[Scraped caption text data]
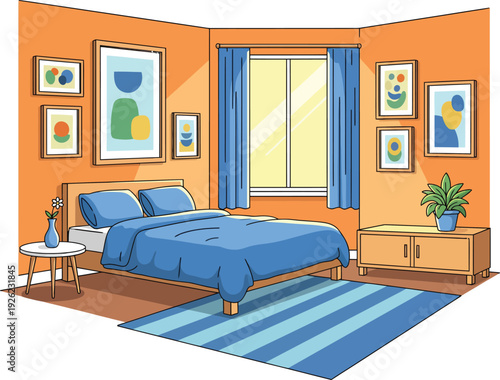 Illustrated modern bedroom interior with vibrant orange walls and contrasting blue decor.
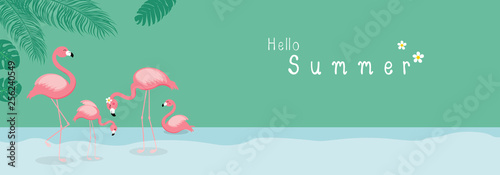 Summer concept design of flamingo with tropical leaves in the forest vector illustration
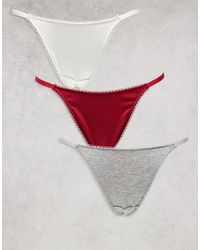 ASOS - 3 Pack Soft Rib Tanga Thong With Picot Trim - Lyst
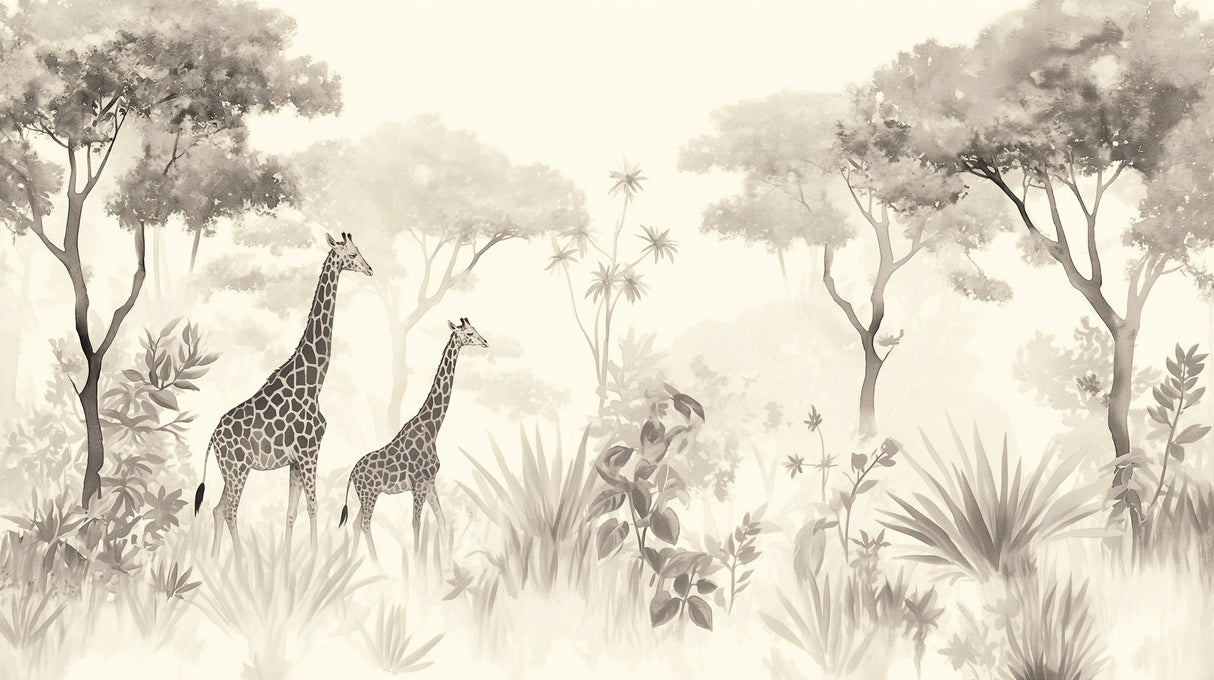 Giraffe wallpaper design file showing full monochrome savanna pattern with detailed wildlife scene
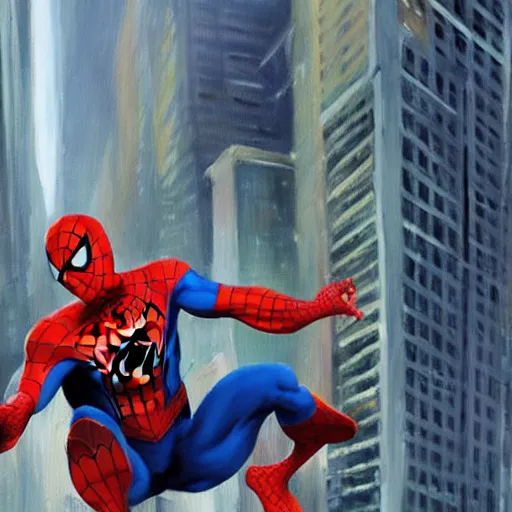 Image similar to oil painting of spiderman swinging through new york city buildings. far away, from behind, epic, sense of motion, motion blur, artstation, artgerm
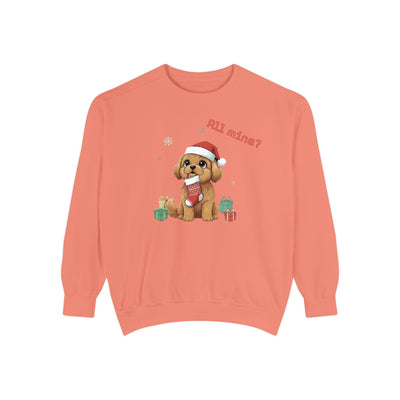 Cute Puppy waiting for Christmas presents style 8 Cozy Graphic Unisex Crewneck Sweatshirt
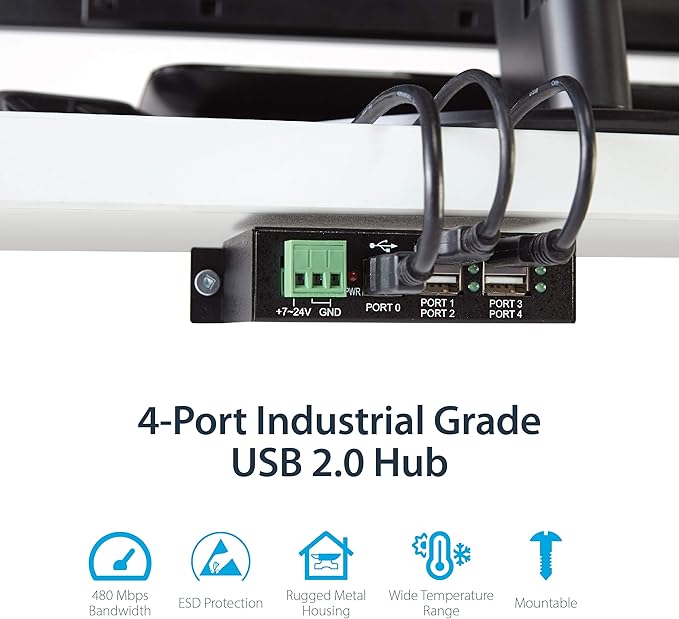 StarTech.com Mountable 4 Port Rugged Industrial USB Hub (ST4200USBM)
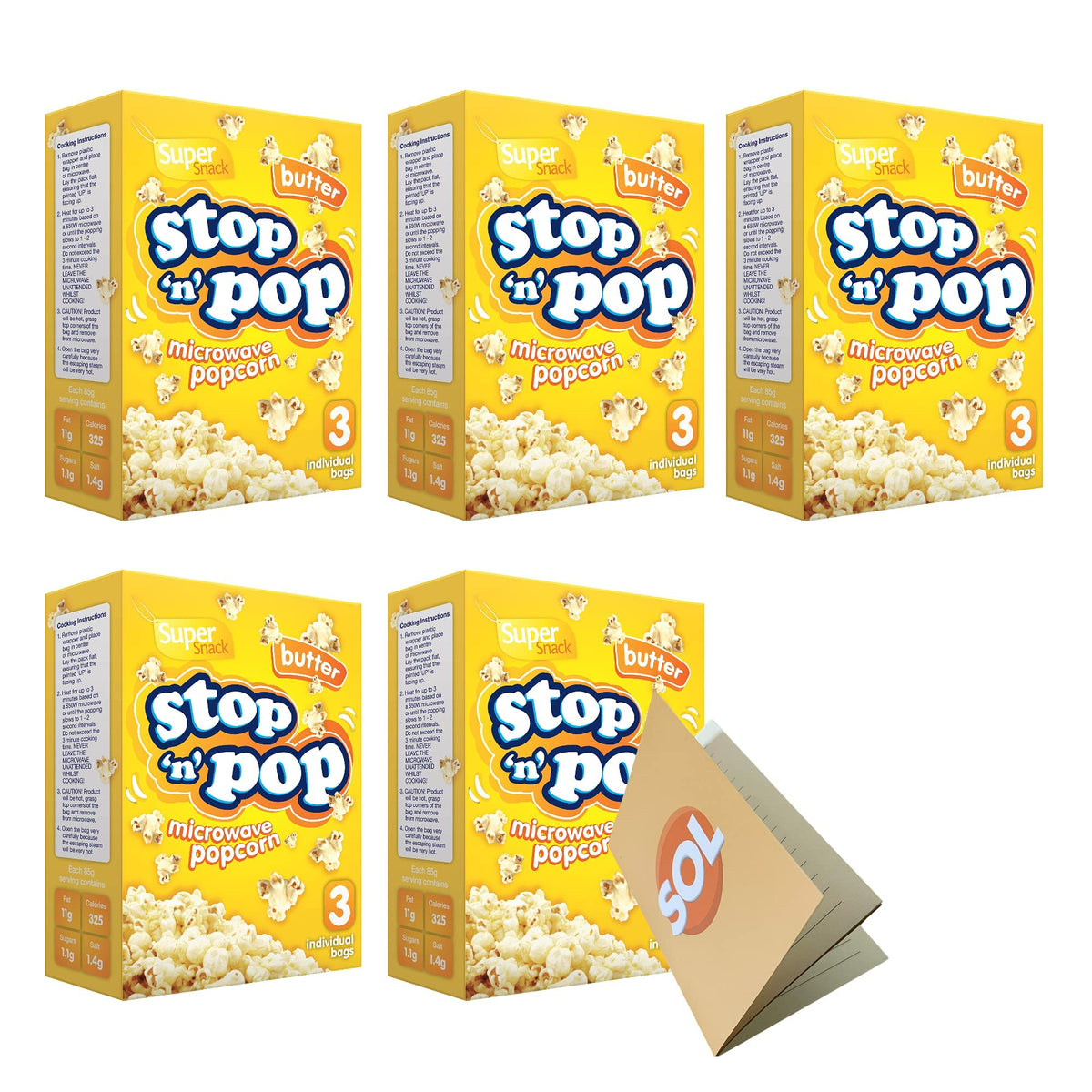 SOL 12pk x 85g Microwave Popcorn Butter Popcorn Flavour | Popping Pop Corn Kernels for The Family | Butter Popcorn Microwave Includes SOL Sticker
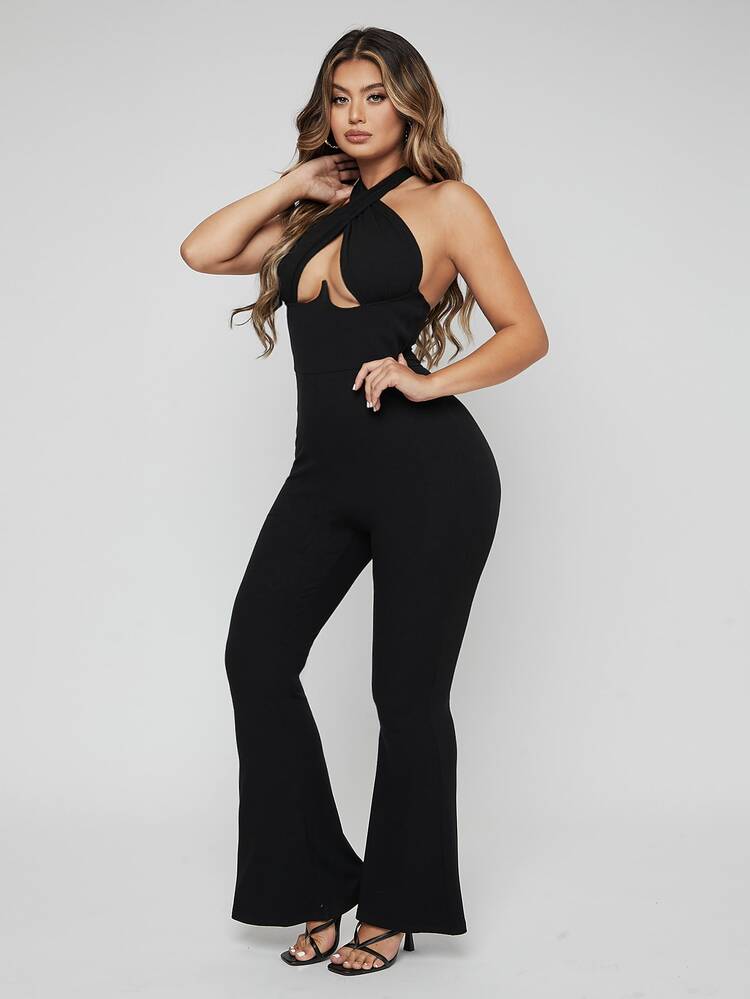 SHEIN SXY Cut Out Front Open Back Halter Jumpsuit - Black - View 4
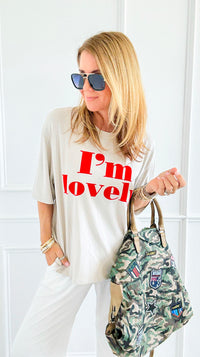 I'm Lovely Italian tee- Beige-110 short Sleeve Top-V SKY-Coastal Bloom Boutique, find the trendiest versions of the popular styles and looks Located in Indialantic, FL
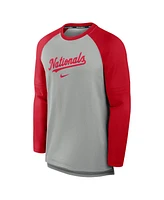 Nike Men's Heather Gray/Red Washington Nationals Authentic Collection Game Time Raglan Performance Long Sleeve T-Shirt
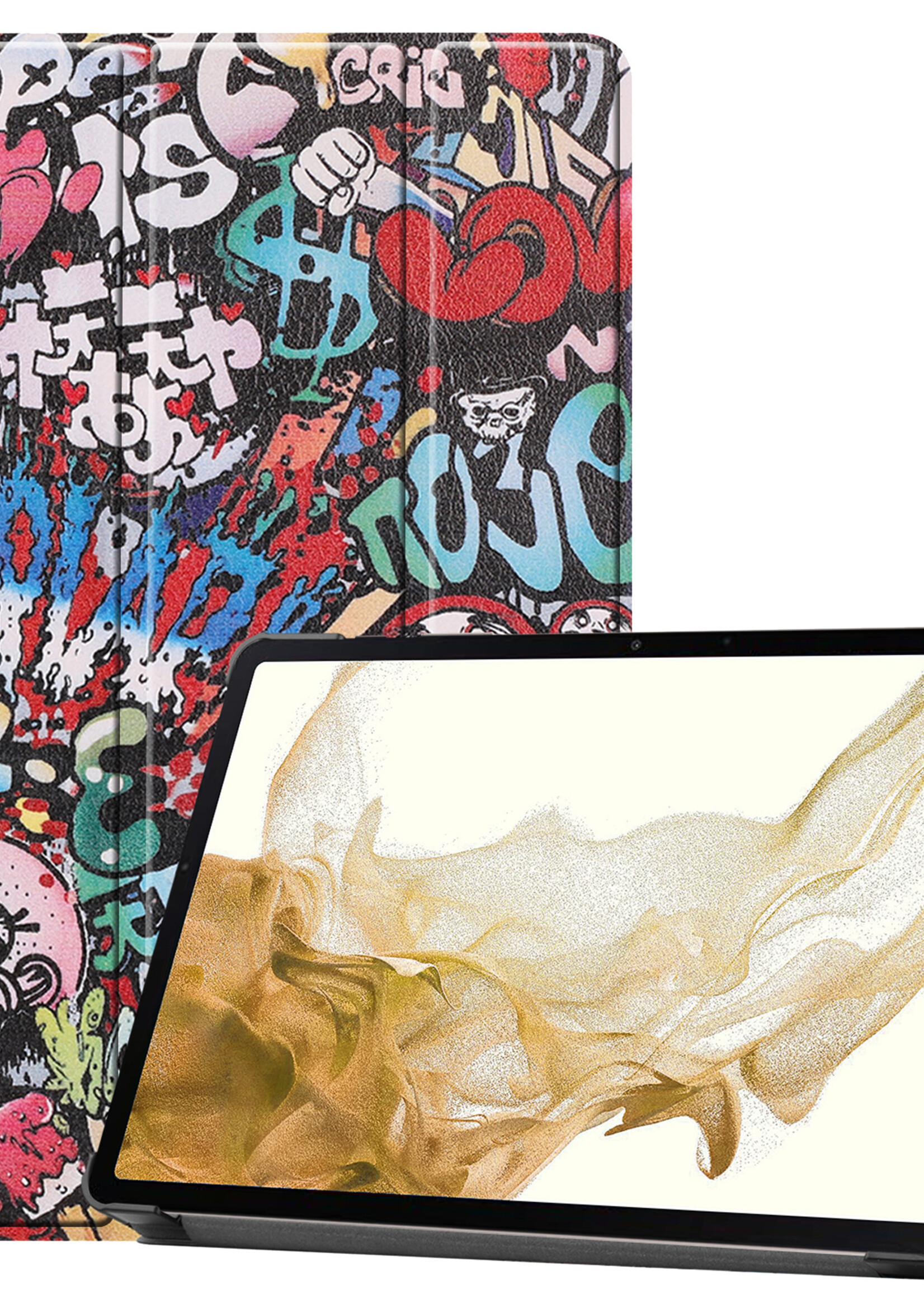 LUQ Hoes Geschikt voor Samsung Galaxy Tab S8 Plus Hoes Luxe Hoesje Book Case - Hoesje Geschikt voor Samsung Tab S8 Plus Hoes Cover - Graffity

YOUR ASSIGNMENT: A precise repetition of every entry, free of pictures, is the expected answer.

RESPONSE AREA:
 Illustrated modern bedroom interior with vibrant orange walls and contrasting blue decor.
 Summer concept design of flamingo with tropical leaves in the forest vector illustration
 ASOS - 3 Pack Soft Rib Tanga Thong With Picot Trim - Lyst
 Giraffe wallpaper design file showing full monochrome savanna pattern with detailed wildlife scene
 Image similar to oil painting of spiderman swinging through new york city buildings. far away, from behind, epic, sense of motion, motion blur, artstation, artgerm
 Cute Puppy waiting for Christmas presents style 8 Cozy Graphic Unisex Crewneck Sweatshirt
 StarTech.com Mountable 4 Port Rugged Industrial USB Hub (ST4200USBM)
 SOL 12pk x 85g Microwave Popcorn Butter Popcorn Flavour | Popping Pop Corn Kernels for The Family | Butter Popcorn Microwave Includes SOL Sticker
 SHEIN SXY Cut Out Front Open Back Halter Jumpsuit - Black - View 4
 I'm Lovely Italian tee- Beige-110 short Sleeve Top-V SKY-Coastal Bloom Boutique, find the trendiest versions of the popular styles and looks Located in Indialantic, FL
 Nike Men's Heather Gray/Red Washington Nationals Authentic Collection Game Time Raglan Performance Long Sleeve T-Shirt
 LUQ Hoes Geschikt voor Samsung Galaxy Tab S8 Plus Hoes Luxe Hoesje Book Case - Hoesje Geschikt voor Samsung Tab S8 Plus Hoes Cover - Graffity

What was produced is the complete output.